The authors acknowledge that the traditional family of mother, father and child is still the dominant one, but that it is not as dominant as in the past.
We should pause for a moment to consider what the word ‘traditional’ means here. A ‘tradition’ is an inherited way of doing something that has evolved through time.
But to describe the family of mother, father and child as merely ‘traditional’ diminishes its importance and makes it sound as if it is the result of social custom only. The ‘traditional’ family is, however, rooted in nature like no other social structure. The ‘traditional’ family is what arises when a man and a woman join together in conjugal union and have a child. The ‘traditional’ family is, therefore, the natural family.
This is not to say other families are ‘unnatural’. That would be a ridiculous thing to say. However, every other type of family derives from the natural family. A single parent family still results from the conjugal union of male and female. Someone who uses IVF to have a child must still use a male gamete and a female gamete.
This is why the family of mother, father and child is also described as “fundamental” and “primary” and as the “basic unit of society”. If men and women did not form conjugal unions, human society would soon cease to exist. It is that primary.
And because the natural family is so fundamental, we want men and women to commit to each other before and after they have children, which is why every single major culture ever has invented the institution of marriage.
Change
‘Family Rhythms’ looks at how the family continues to change. In the recent past, families were intergenerational in the sense that several generations lived under the same roof or close by each other. This provided an excellent support network.
The family was situated mainly in rural areas and the farm required plenty of children. Women have either worked or stayed at home, depending on economic circumstances. It is only in recent times (within the last century) that families had a large enough income to enable one parent to stay at home. That ‘luxury’ is disappearing again.
The rise of the single parent home is by far and away the biggest family change we have seen in the West, and in Ireland in a very long time.
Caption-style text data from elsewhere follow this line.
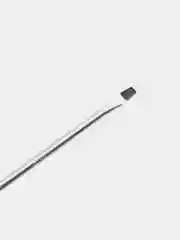 Отвертка с магнитным наконечником Stayer SL, 3,2 x 100 мм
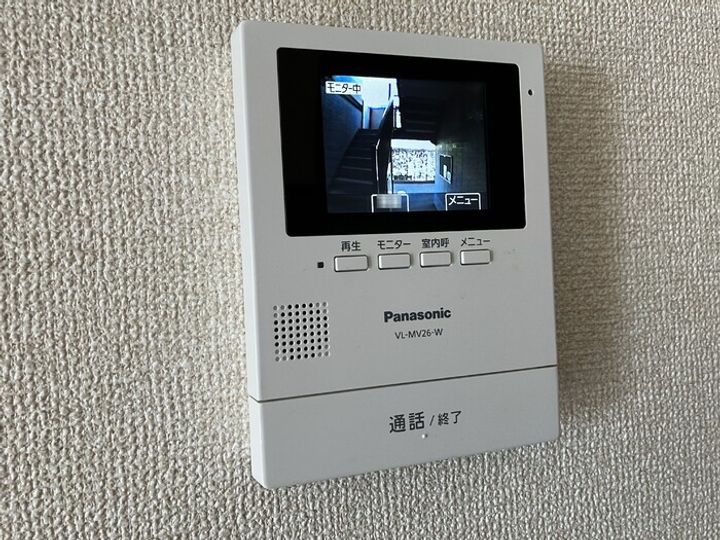 オーシャンヒルズ EE101のその他画像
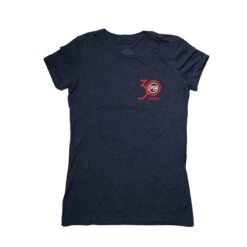 Full Cycle Women's 30th Anniversary Tee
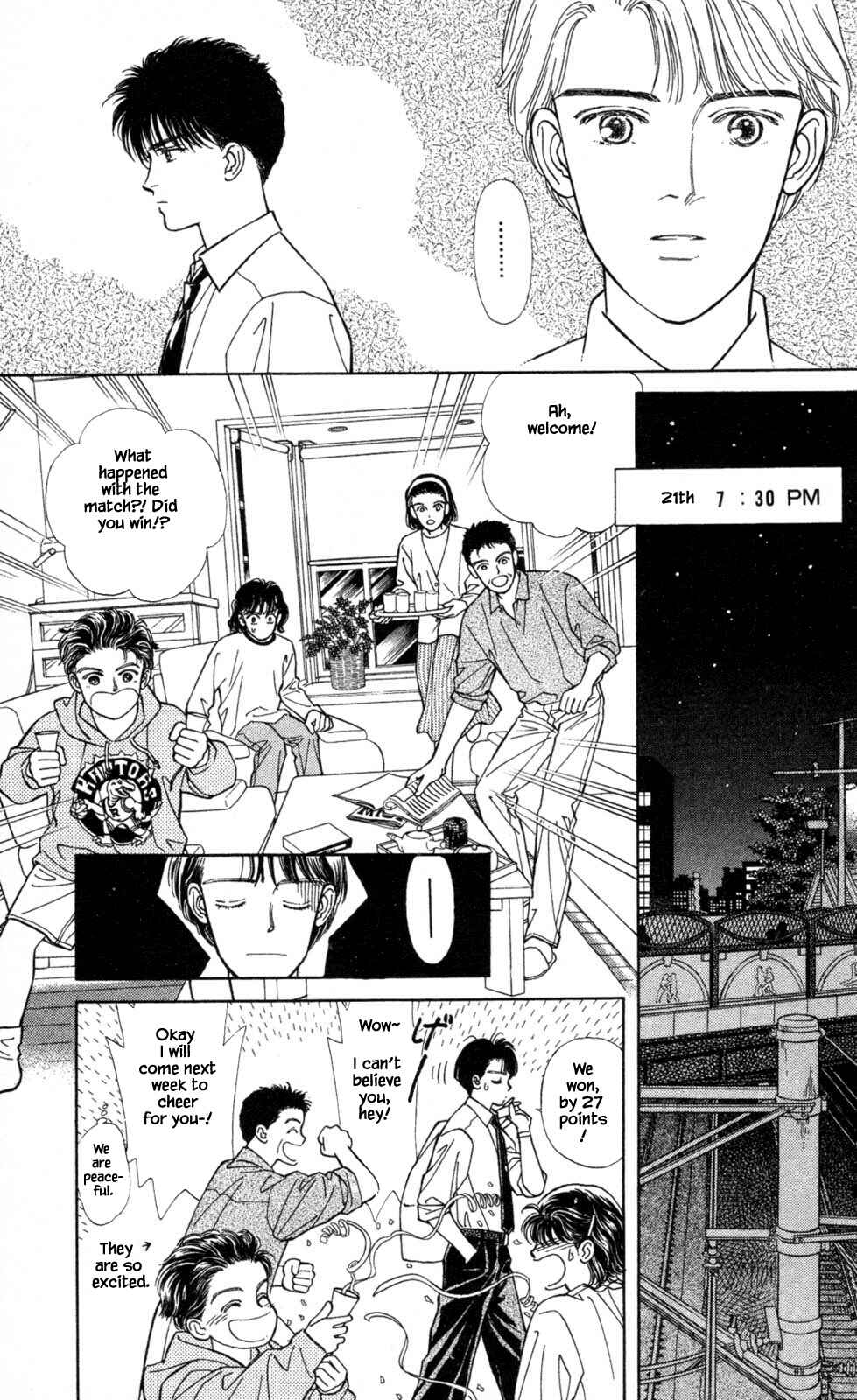 Page 29 Chapter 12 Natural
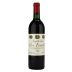 Clos Fourtet 1988 Front Bottle Shot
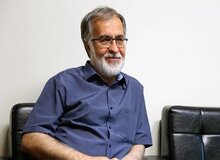 عطریانفر: تذکر رهبری درباره تصحیح خطاهای گذشته خطاب به هر سه قوه است
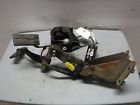 0332 Ford 2003 2004 F250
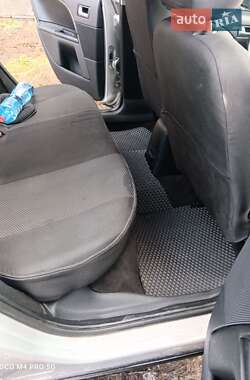 Универсал Ford Mondeo 2004 в 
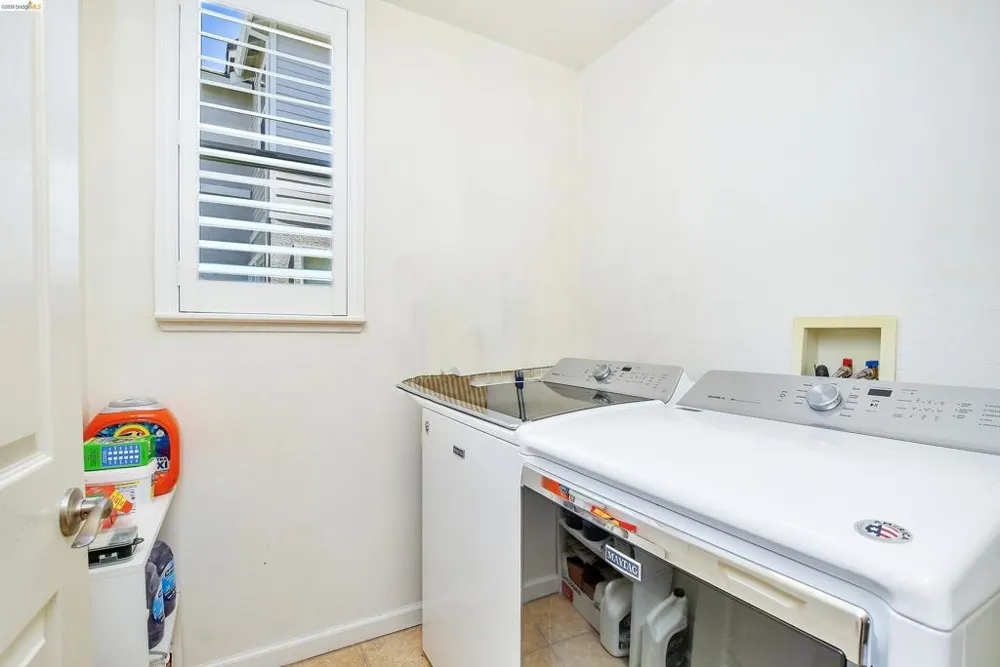 97 Lexington St Brentwood, CA 94513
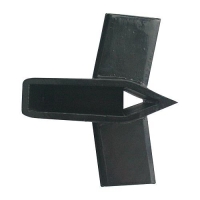 N_____LS8000_1050B__kr____ov__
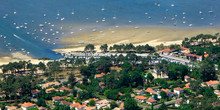 Port of Betey Marina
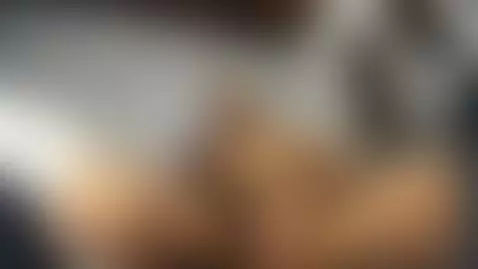 Hi guys 😈 by thiiagosilva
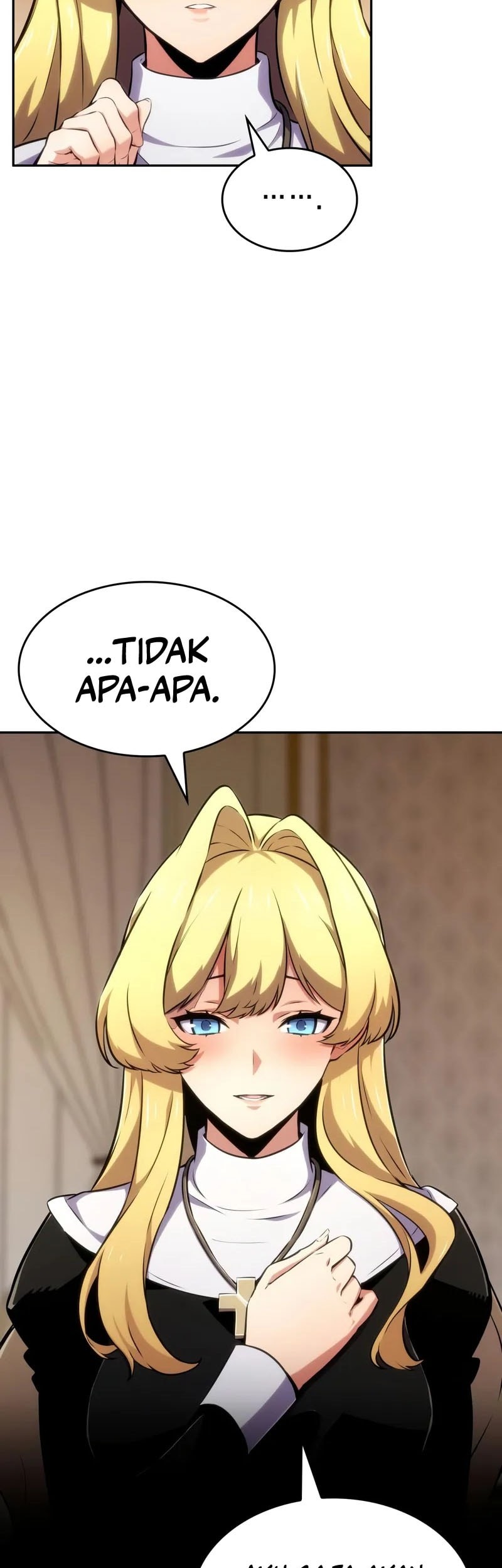 Chapter 16 - halaman 56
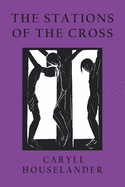 The Stations of the Cross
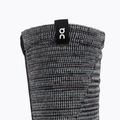 Șosete pentru bărbați On Explorer Merino black/glacier 4
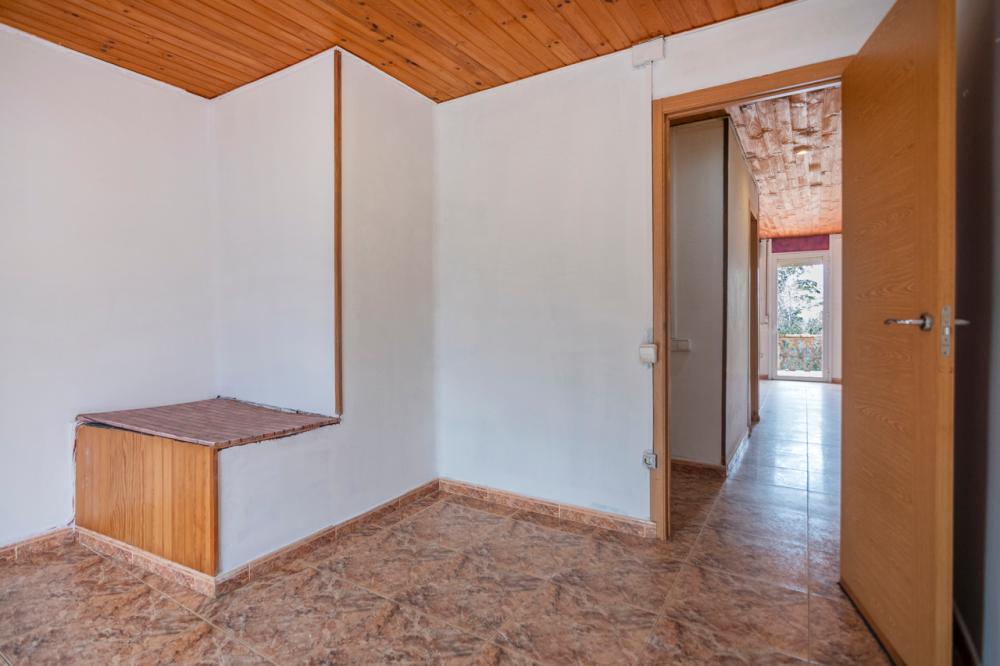  à vendre maison El Pont De Vilomara Bages 46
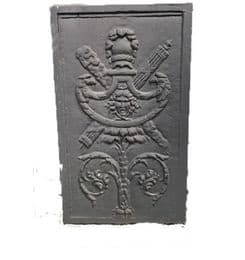 FENERLER VE OK ÇANTALARI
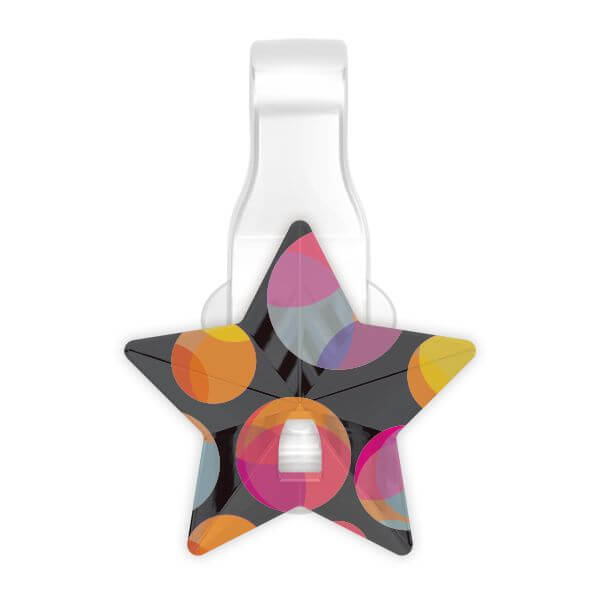 PICPIN ԥåԥۥ顼ɥåA-L ޥ㡼 ꡼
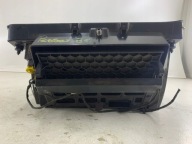 VW PASSAT B6 handschuhfach des beifahrers schwarzer 3C1857097AH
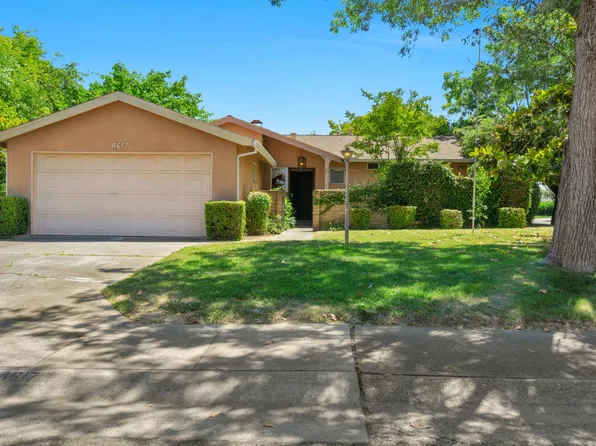 4617 Freeway Cir, Sacramento, CA 95841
More than a third of births now take place outside marriage. ‘Family Rhythms’ says that fathers are increasingly involved in the lives of their children but this is only partly true. It’s true insofar as it means fathers like to be more hands-on in the upbringing of their children than in the past.
However, it is not true in that a growing number of fathers have little or no contact with their children. A report called ‘Watch them Grow’, which uses data from ‘Growing Up in Ireland’, a major longitudinal study of children in Ireland at different stages in their lives, looks at involvement by non-resident fathers (NRF) in the lives of their children.
It finds that by the time the children in the ‘Growing Up in Ireland’ study reached age three, a third of solo parents had no contact with the non-resident father. It also found that 54% of non-resident fathers made no financial contribution by this stage.
The more children are born outside marriage, the more will we find this.
The added involvement of grandparents in the lives of their grandchildren arises from two things, namely the growth in single parent families and the growth in double-income families.
The changes in the Irish family tracked by ‘Family Rhythms’ are the result of economic changes and changes in social attitudes. Some of these changes are good, and some are bad. But what cannot be doubted is that the ‘traditional’ or ‘natural’ family remains of immense importance and it is a very strange society that loses sights of this most basic of facts.